● **EXERCISE DETAILS**: Starting at the line below that contains "Allen Bradley configuración ControlNet 2" and ending at the line that contains "Kleber Dynaxer HP4", retype each line exactly as it stands, but omit the pictures.

(Pictures with short captions)
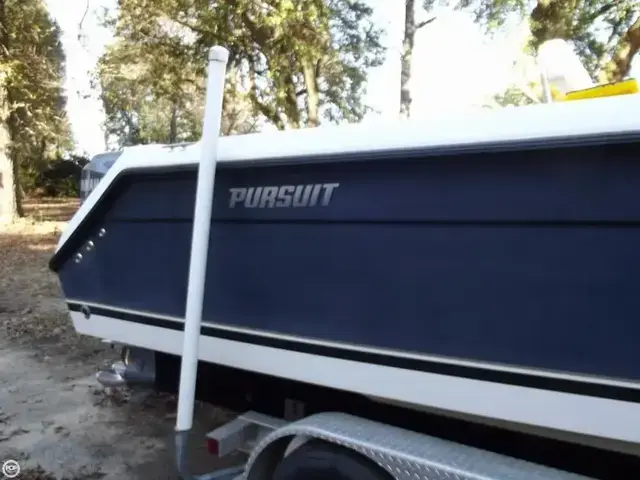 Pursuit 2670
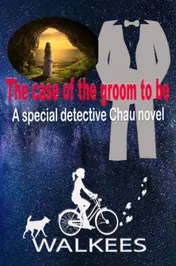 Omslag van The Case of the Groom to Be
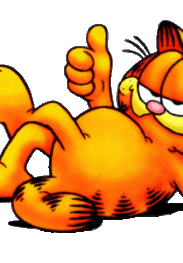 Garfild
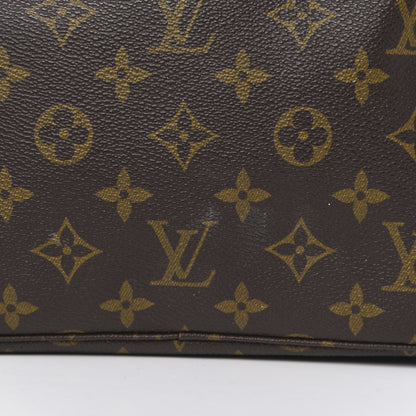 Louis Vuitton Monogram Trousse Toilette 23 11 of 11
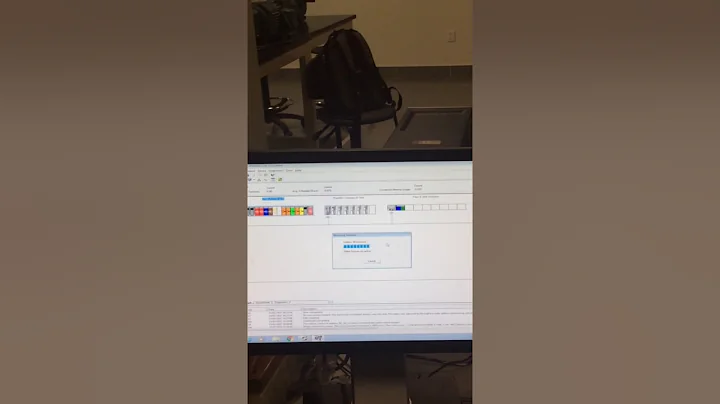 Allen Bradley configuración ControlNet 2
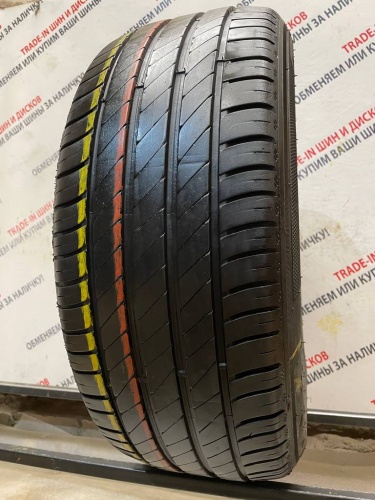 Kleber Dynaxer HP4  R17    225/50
...
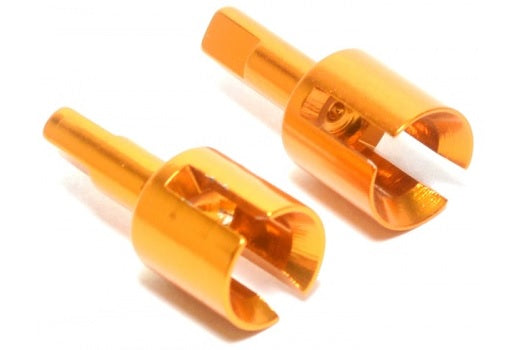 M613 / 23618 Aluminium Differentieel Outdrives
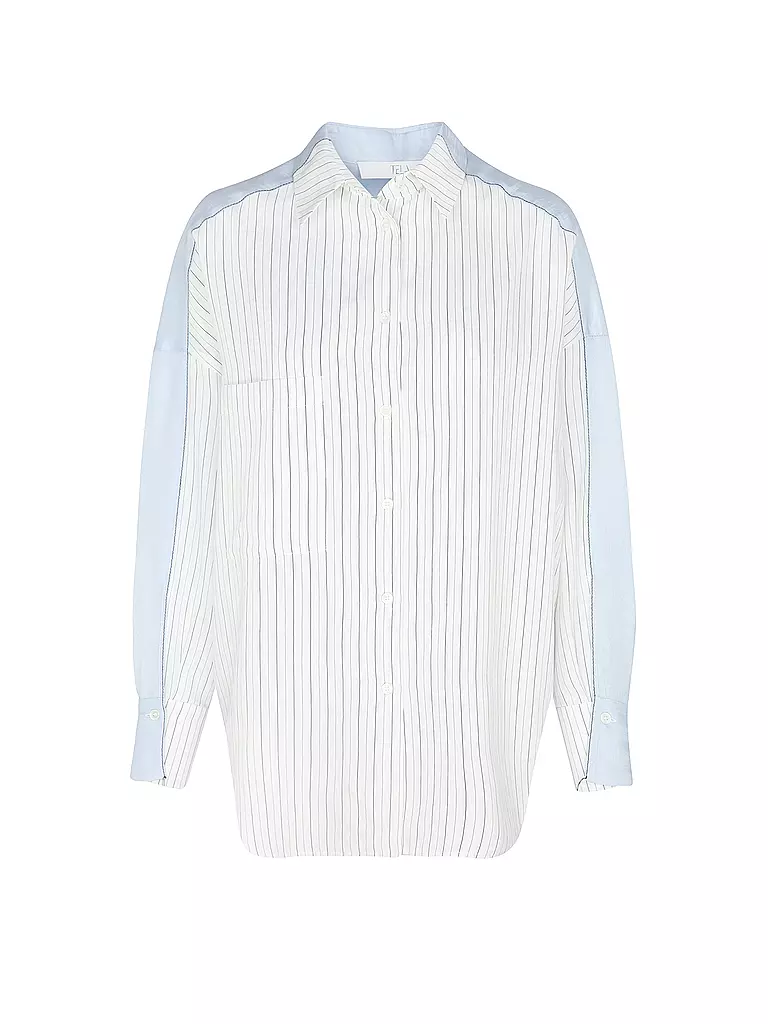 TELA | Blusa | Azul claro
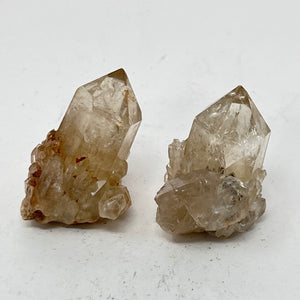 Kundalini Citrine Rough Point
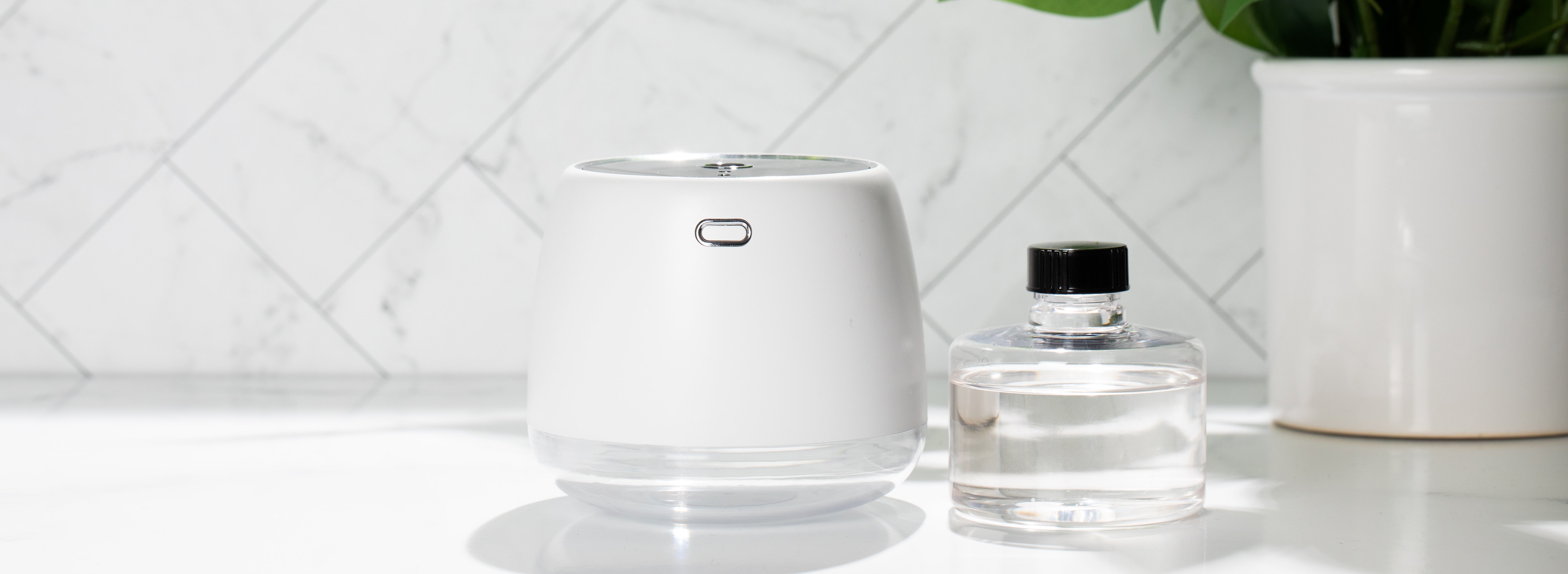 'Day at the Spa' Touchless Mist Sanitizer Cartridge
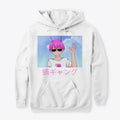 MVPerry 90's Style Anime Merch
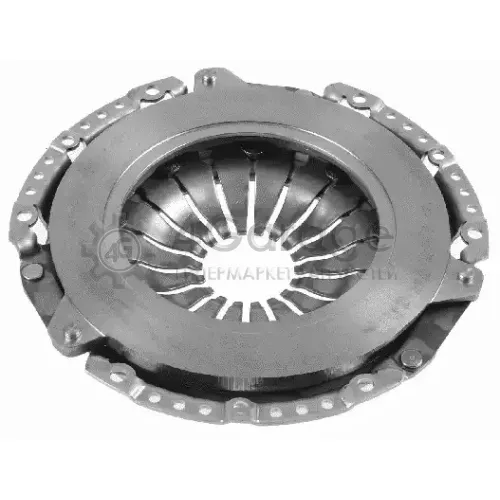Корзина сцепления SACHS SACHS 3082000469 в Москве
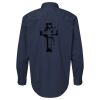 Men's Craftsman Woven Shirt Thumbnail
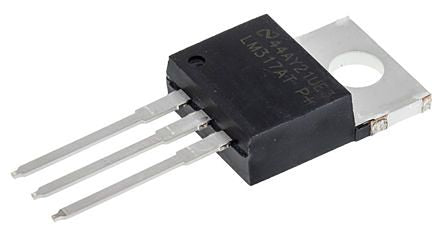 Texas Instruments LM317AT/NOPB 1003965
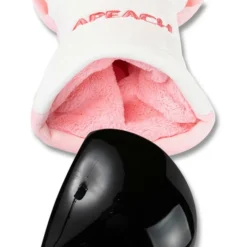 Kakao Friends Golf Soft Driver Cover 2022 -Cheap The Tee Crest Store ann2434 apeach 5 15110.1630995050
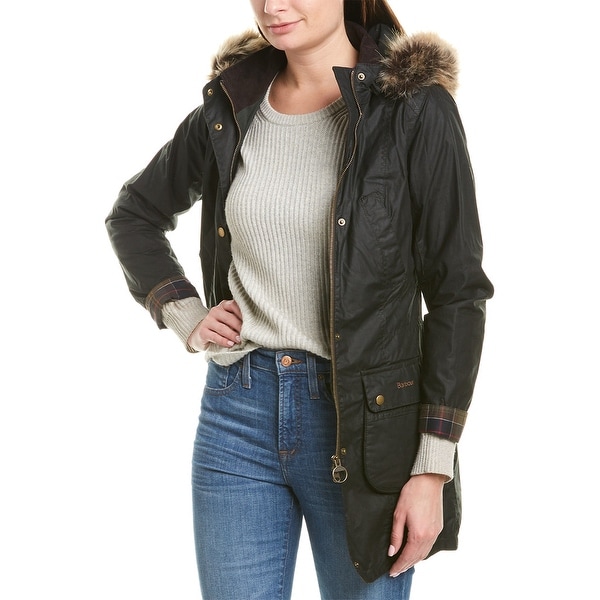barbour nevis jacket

● **RESULT OF THE TASK**:
 Allen Bradley configuración ControlNet 2
 Kleber Dynaxer HP4  R17    225/50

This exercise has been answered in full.